*** SUPPLIED INFORMATION ***

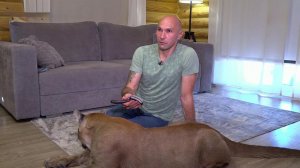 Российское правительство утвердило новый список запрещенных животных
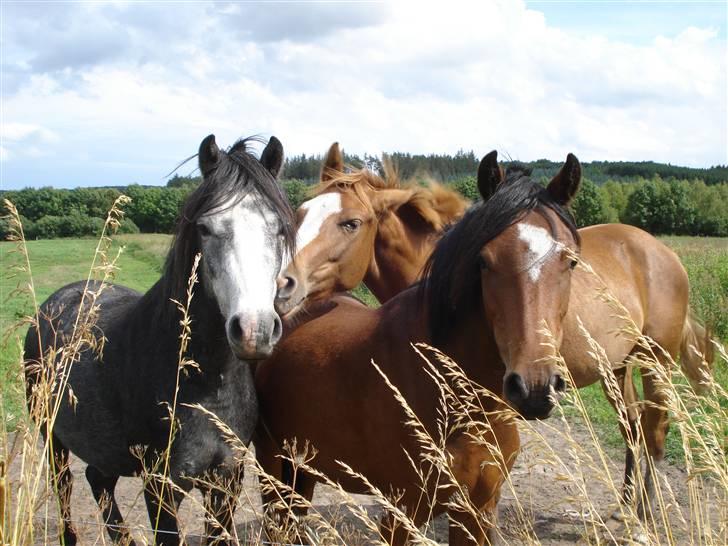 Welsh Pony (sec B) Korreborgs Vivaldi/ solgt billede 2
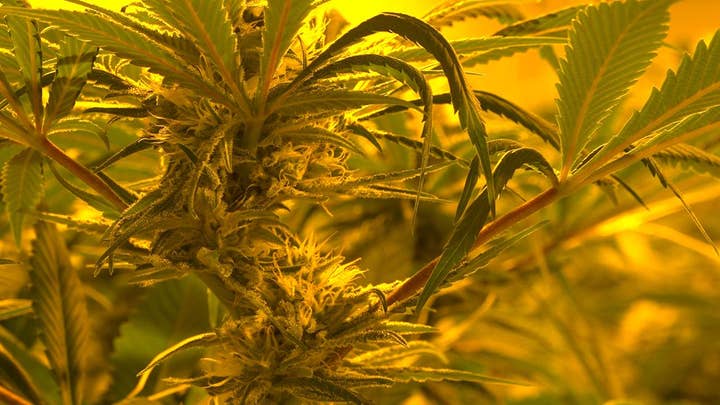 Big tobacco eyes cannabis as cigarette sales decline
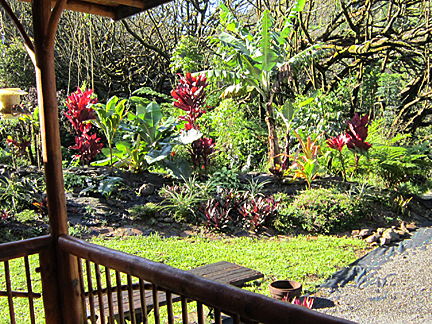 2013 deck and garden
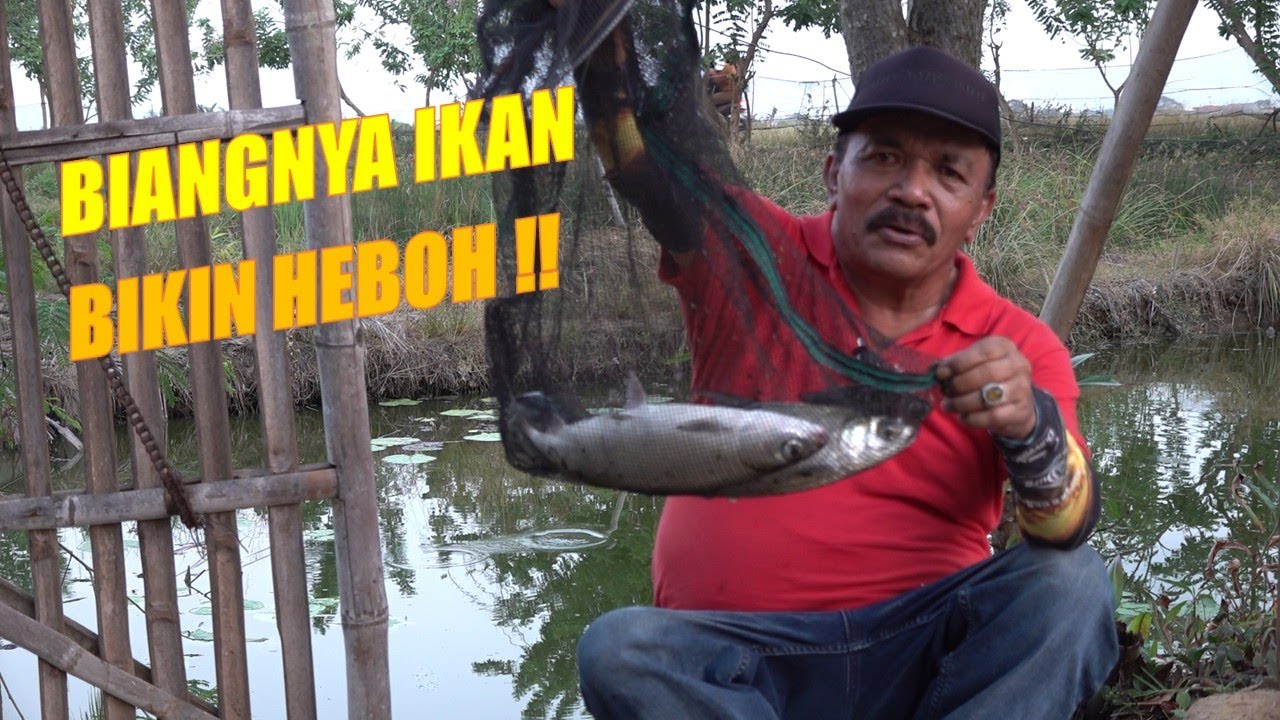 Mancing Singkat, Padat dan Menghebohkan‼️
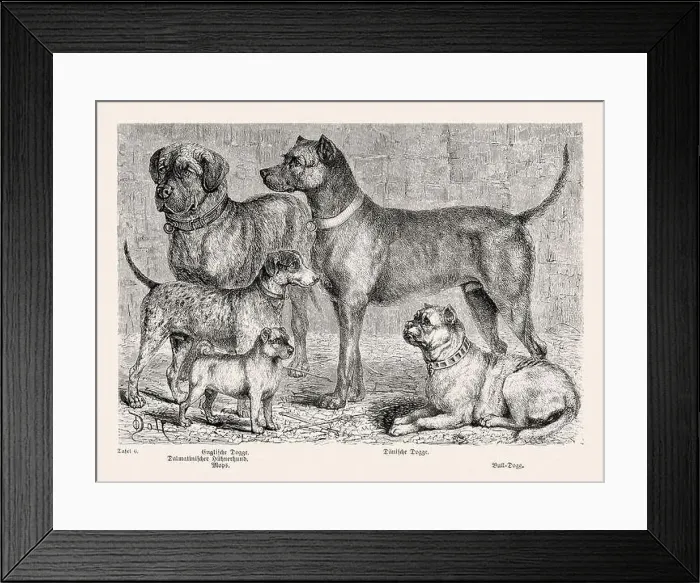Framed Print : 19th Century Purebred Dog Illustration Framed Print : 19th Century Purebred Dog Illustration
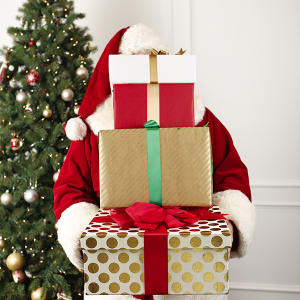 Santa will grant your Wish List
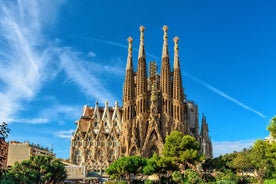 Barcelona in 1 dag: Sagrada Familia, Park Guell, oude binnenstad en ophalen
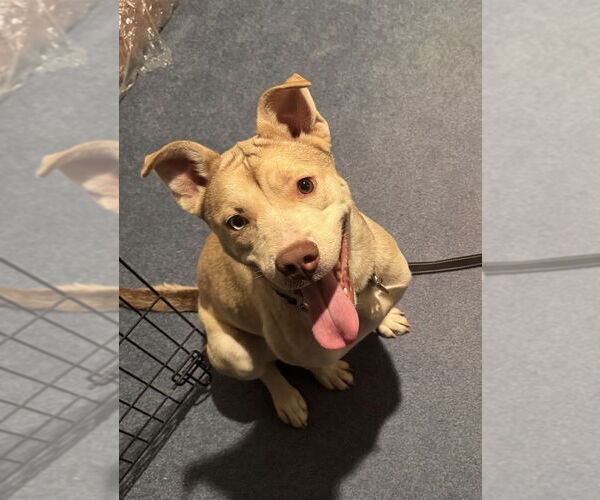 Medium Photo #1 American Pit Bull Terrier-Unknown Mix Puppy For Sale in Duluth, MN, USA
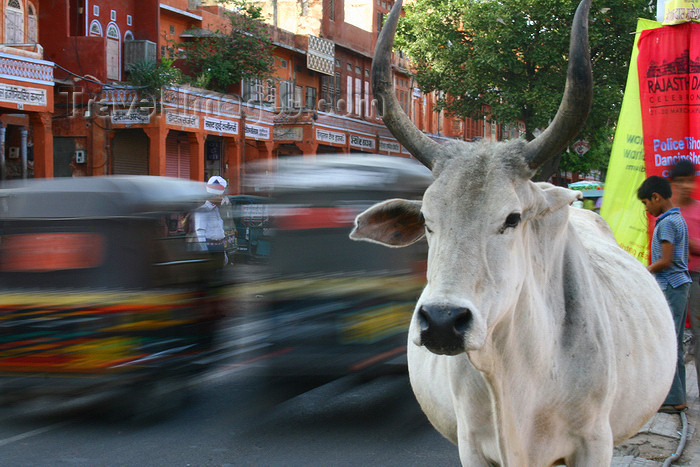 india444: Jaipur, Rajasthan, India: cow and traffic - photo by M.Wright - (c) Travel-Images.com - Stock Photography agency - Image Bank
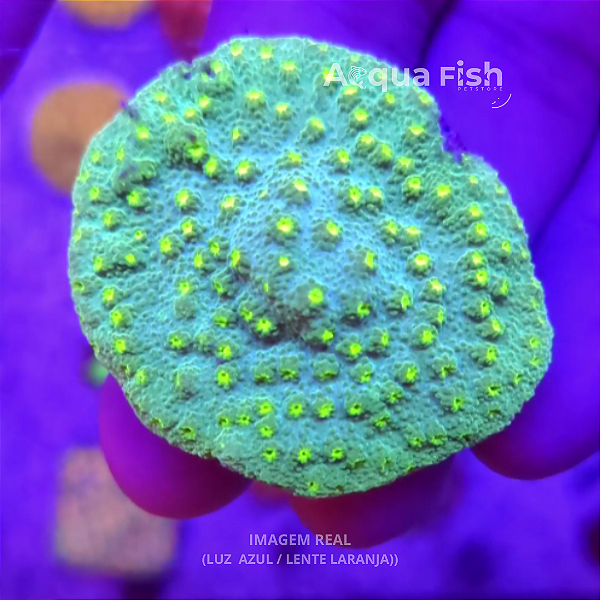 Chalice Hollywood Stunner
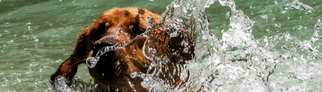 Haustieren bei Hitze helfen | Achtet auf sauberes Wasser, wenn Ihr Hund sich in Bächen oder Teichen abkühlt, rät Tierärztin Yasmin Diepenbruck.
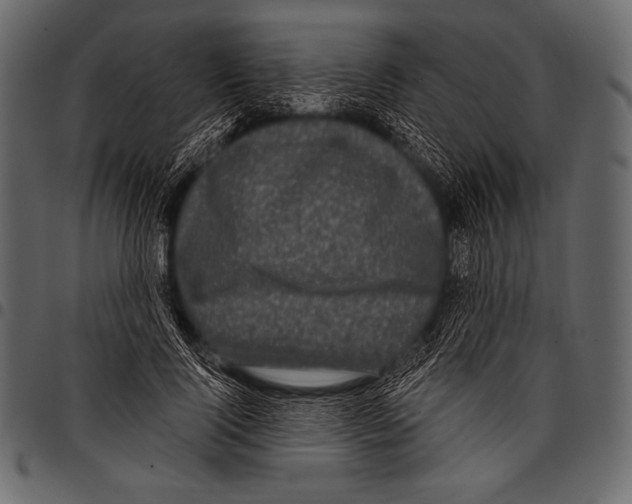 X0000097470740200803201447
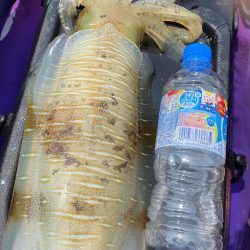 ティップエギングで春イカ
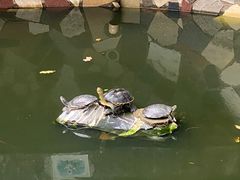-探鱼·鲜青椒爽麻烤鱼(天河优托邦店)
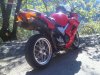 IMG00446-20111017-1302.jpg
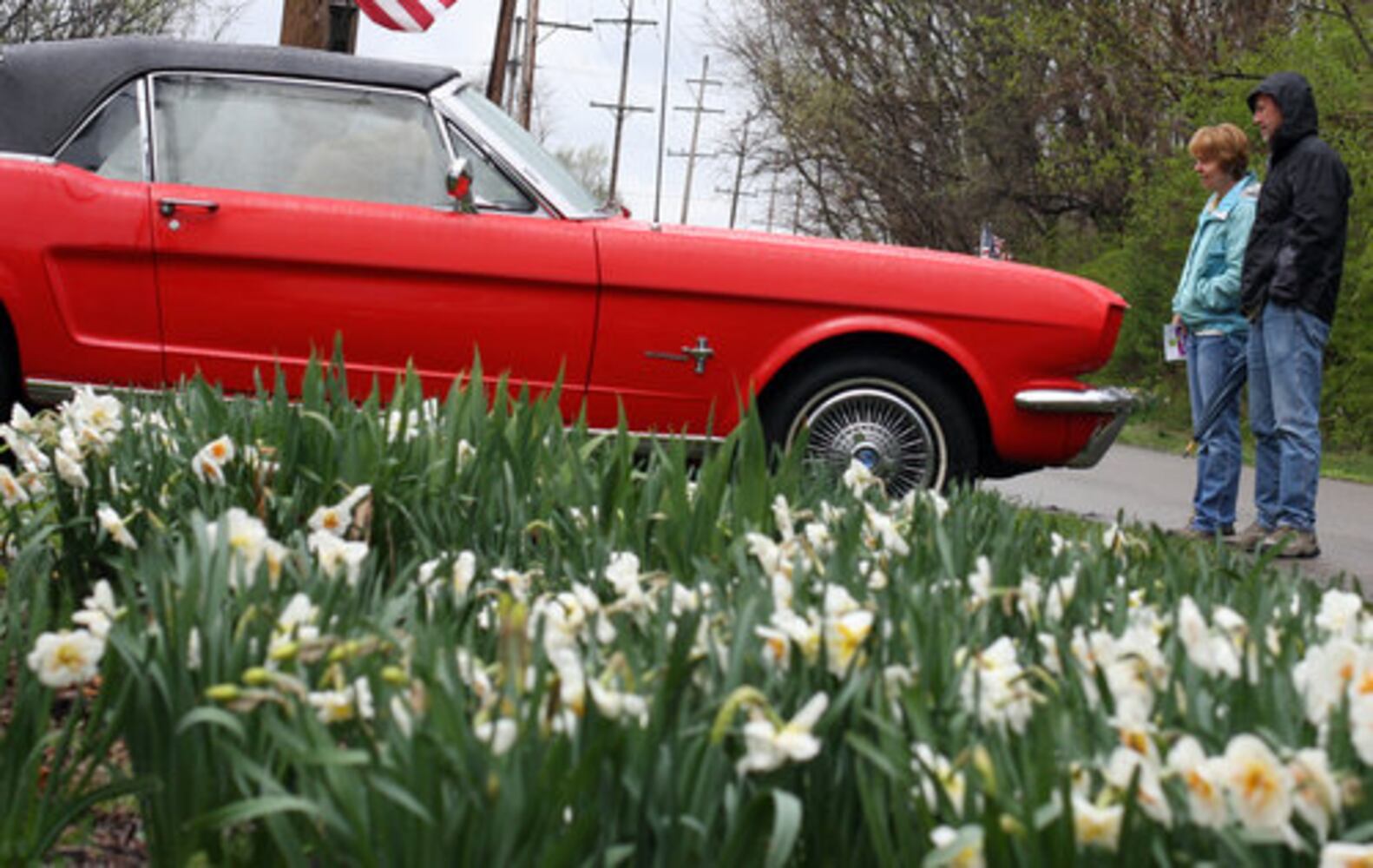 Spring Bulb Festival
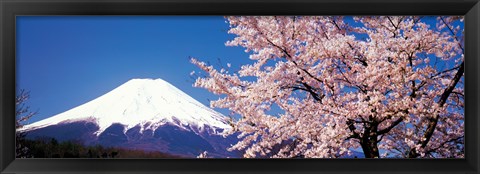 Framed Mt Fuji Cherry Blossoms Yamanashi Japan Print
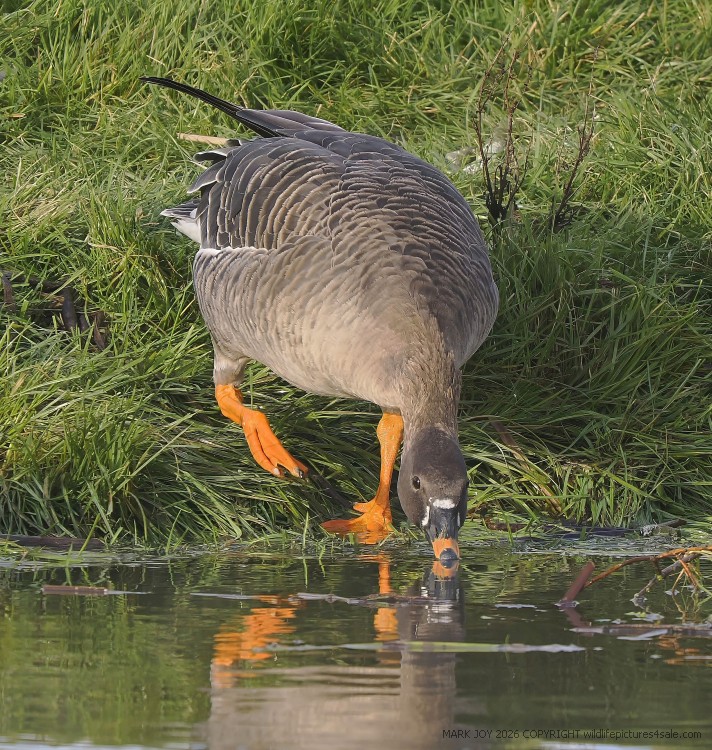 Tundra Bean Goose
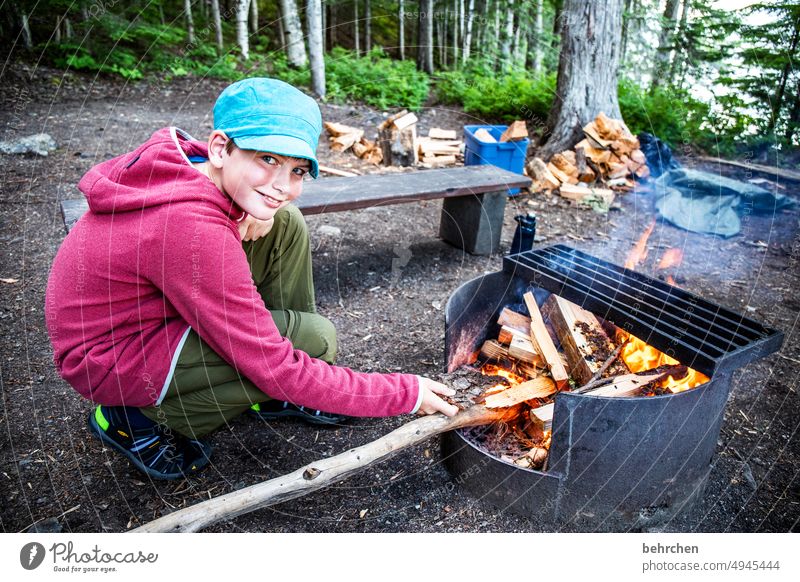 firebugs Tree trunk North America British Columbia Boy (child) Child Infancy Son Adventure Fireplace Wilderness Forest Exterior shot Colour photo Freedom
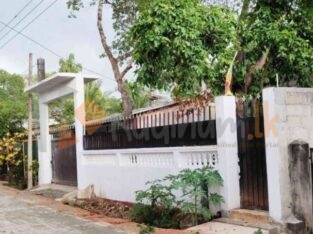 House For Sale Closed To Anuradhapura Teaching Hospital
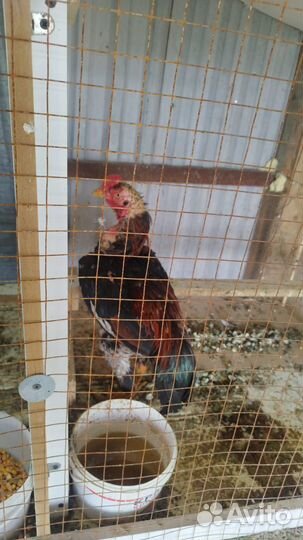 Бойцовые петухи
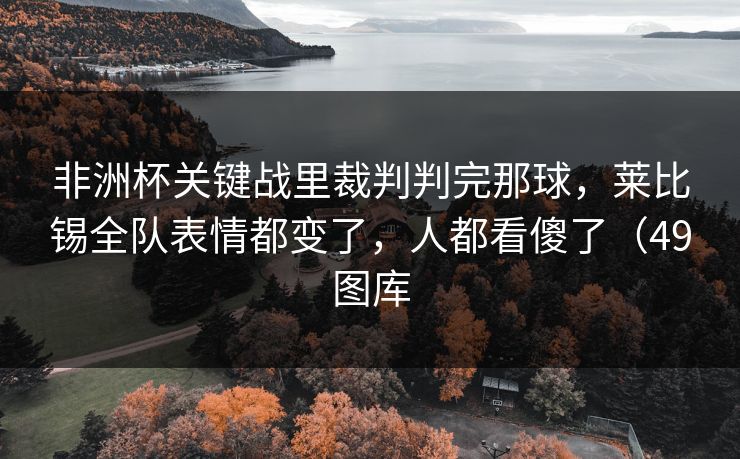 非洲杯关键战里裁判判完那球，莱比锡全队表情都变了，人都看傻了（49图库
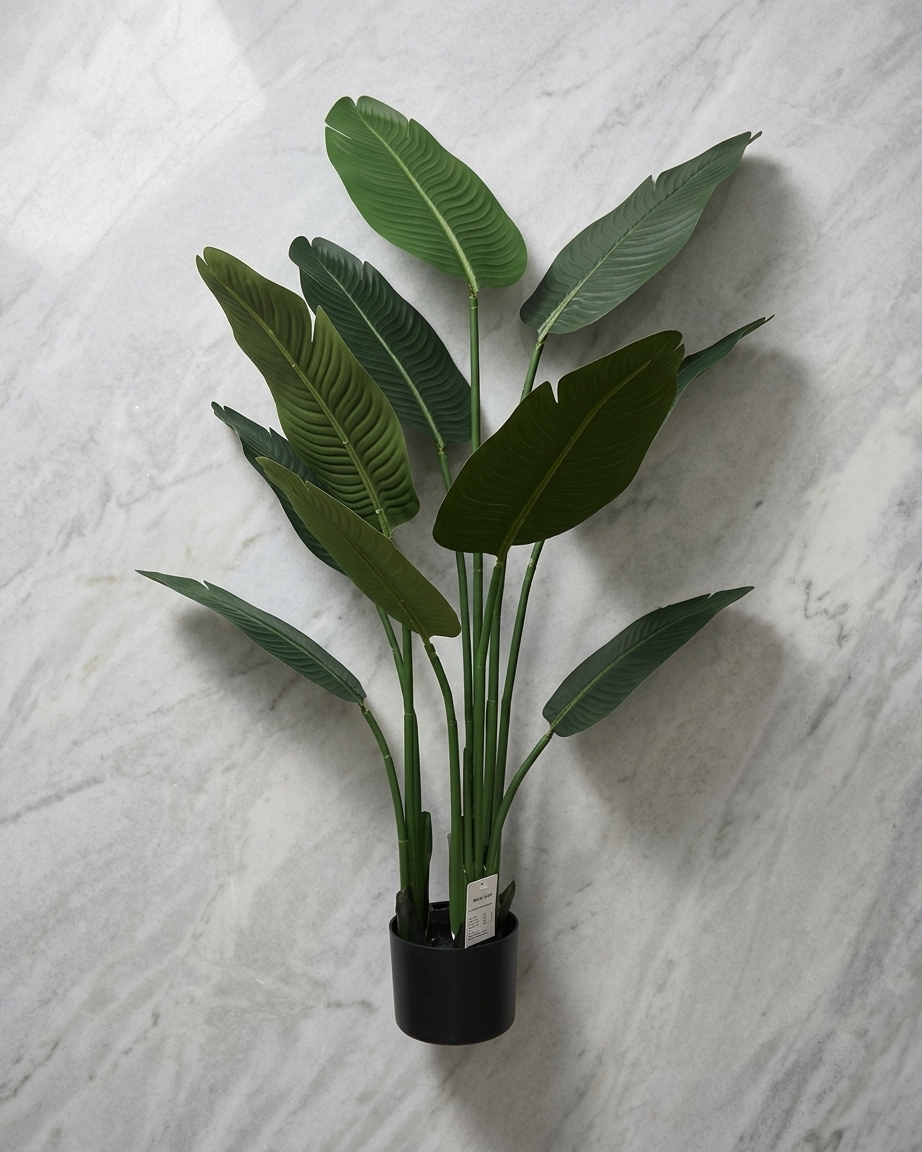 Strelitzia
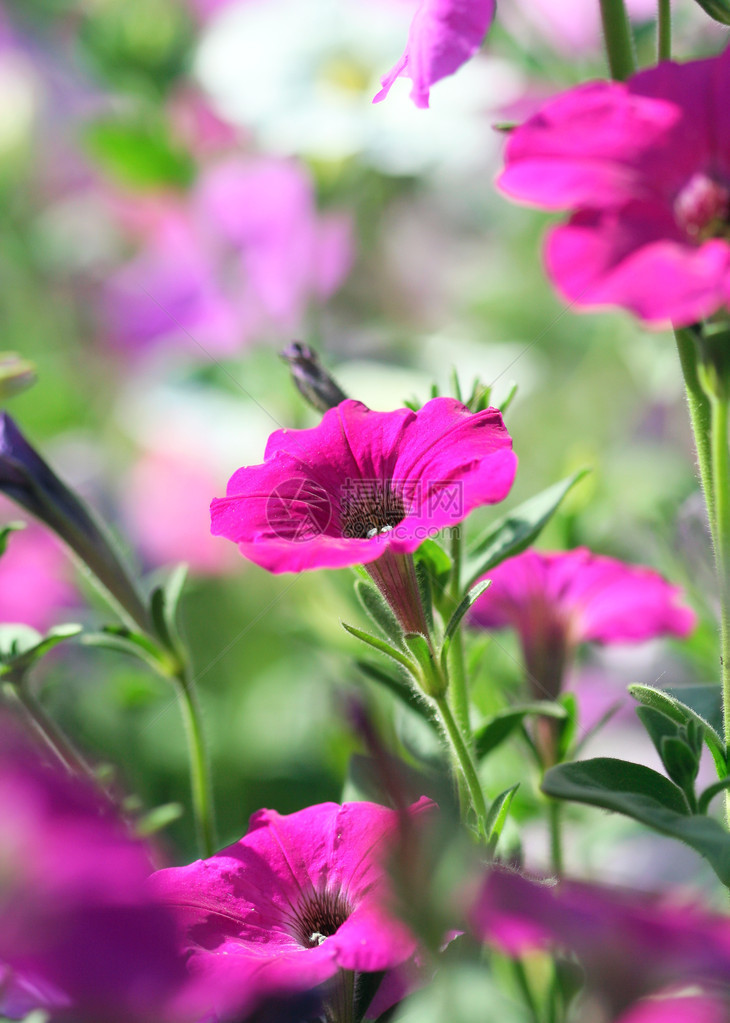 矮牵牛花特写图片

*** End of SUPPLIED INFORMATION ***

TASK INSTRUCTIONS =
Print exactly the first line of the entries and every line after it through the one that contains "Chalice Hollywood Stunner", leaving the pictures out.

EXERCISE SOLUTION =
 Российское правительство утвердило новый список запрещенных животных
 Welsh Pony (sec B) Korreborgs Vivaldi/ solgt billede 2
 Big tobacco eyes cannabis as cigarette sales decline
 2013 deck and garden
 Mancing Singkat, Padat dan Menghebohkan‼️
Framed Print : 19th Century Purebred Dog Illustration Framed Print : 19th Century Purebred Dog Illustration
 Santa will grant your Wish List
 Barcelona in 1 dag: Sagrada Familia, Park Guell, oude binnenstad en ophalen
 Medium Photo #1 American Pit Bull Terrier-Unknown Mix Puppy For Sale in Duluth, MN, USA
 india444: Jaipur, Rajasthan, India: cow and traffic - photo by M.Wright - (c) Travel-Images.com - Stock Photography agency - Image Bank
 Chalice Hollywood Stunner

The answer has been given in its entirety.